Gross margins were 45.3% for the third quarter compared to the same result in the preceding quarter and 46.3% in the same period last year. Because of the lower revenue in the current quarter, the absorption of manufacturing overhead was lower, having a negative impact of approximately 1% in the third quarter compared to the previous one.
GAAP net loss for the third quarter of fiscal 2010 was $2.3 million or $0.09 per share. This compares to a GAAP net income of $4.8 million or $0.18 per diluted share in the previous quarter. On a non-GAAP basis, net income for the third quarter was $2.5 million, or $0.09 per diluted share. Compared to the previous quarter, this is a decrease of $5.3 million from non-GAAP income of $7.8 million or $0.28 per diluted share. Compared to the year-ago quarter, this is a decrease of $4.7 million from the $7.2 million or $0.27 per share that we reported net.
Please refer to our press release for a detailed reconciliation of our GAAP to non-GAAP performance. The reconciliation includes the following categories of differences for the third quarter. First is amortization of intangible assets associated with three acquisitions, a total of $0.8 million from [Blue 7], BXP, and [Zensys]. Second, stock-based compensation of $2.2 million, and third, G&A expenses of $1.8 million associated with the work done on the acquisition of CopperGate during the third period.

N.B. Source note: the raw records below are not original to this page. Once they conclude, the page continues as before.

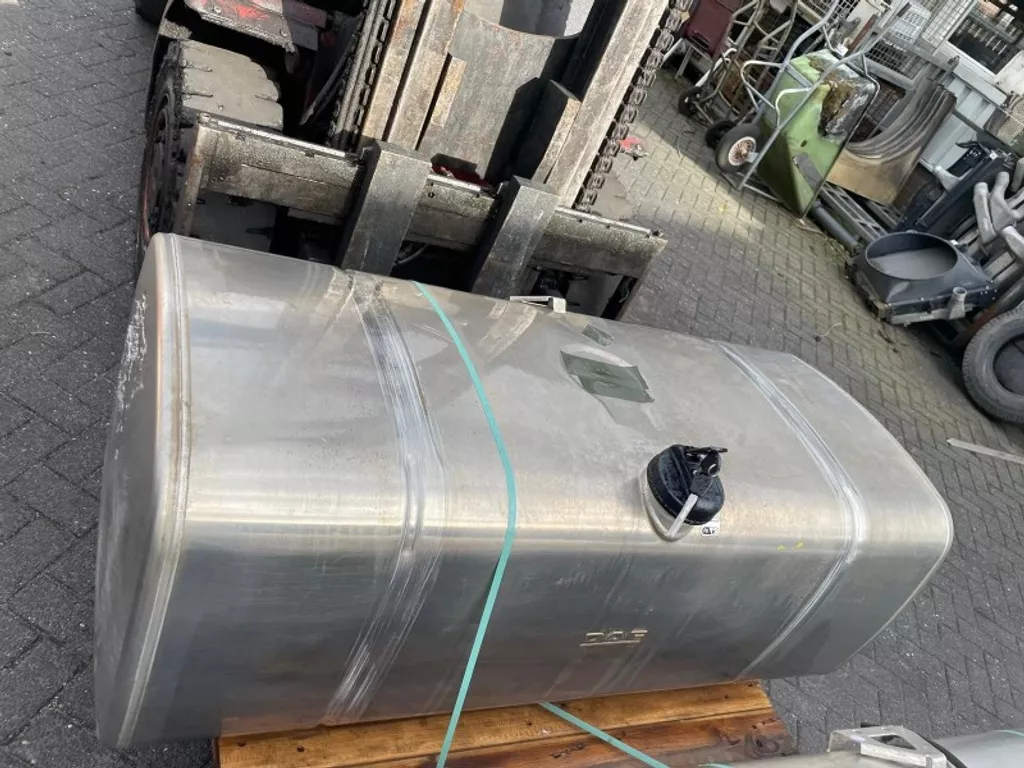 DAF 2198104 FUEL TANK 525 LTR 1526X675X580 MM (IN GOEDE STAAT)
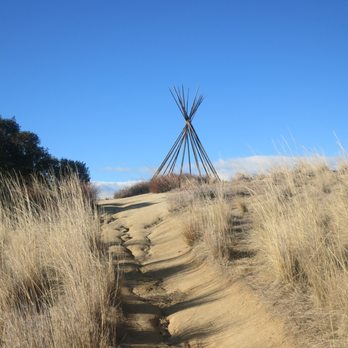 La Canada Teepee - A welcome sight - Hiking Near Me - La Cañada Flintridge, California La Canada Teepee - A welcome sight - Hiking Near Me - La Cañada Flintridge, California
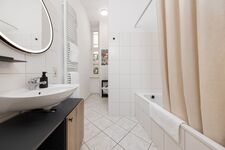 Dusche und Badewanne Dusche und Badewanne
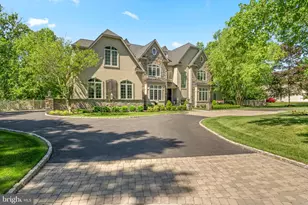 6 Wedgewood Dr, Blue Bell, PA 19422 - Photo 4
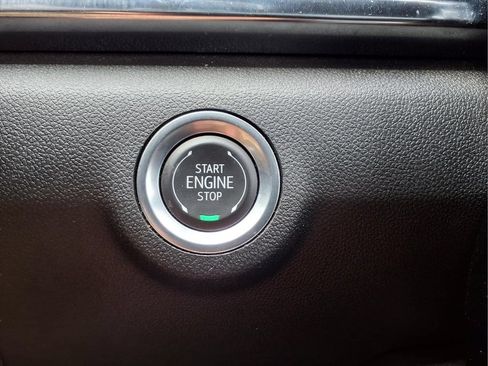 Certified 2025 GMC Terrain Elevation AWD/4WD image 23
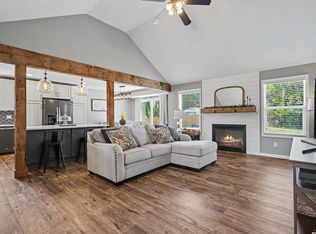 709 Flame Way, Baldwin City, KS 66006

I would now like to cover a few key areas from our balance sheet. Cash, cash equivalents, and marketable securities totalled $235 million, an increase of $43 million, or $1.54 per share outstanding compared to the beginning of the current fiscal year. The increase is due to the $12.8 million reduction in receivables, $12.9 million reduction in inventory, and $4.8 million increase in accounts payable besides a $12.9 million cash generated by other operational activities. Based on our shares outstanding at the end of the quarter, this represents a total value of cash, cash equivalents, and marketable securities of $8.78 per share outstanding.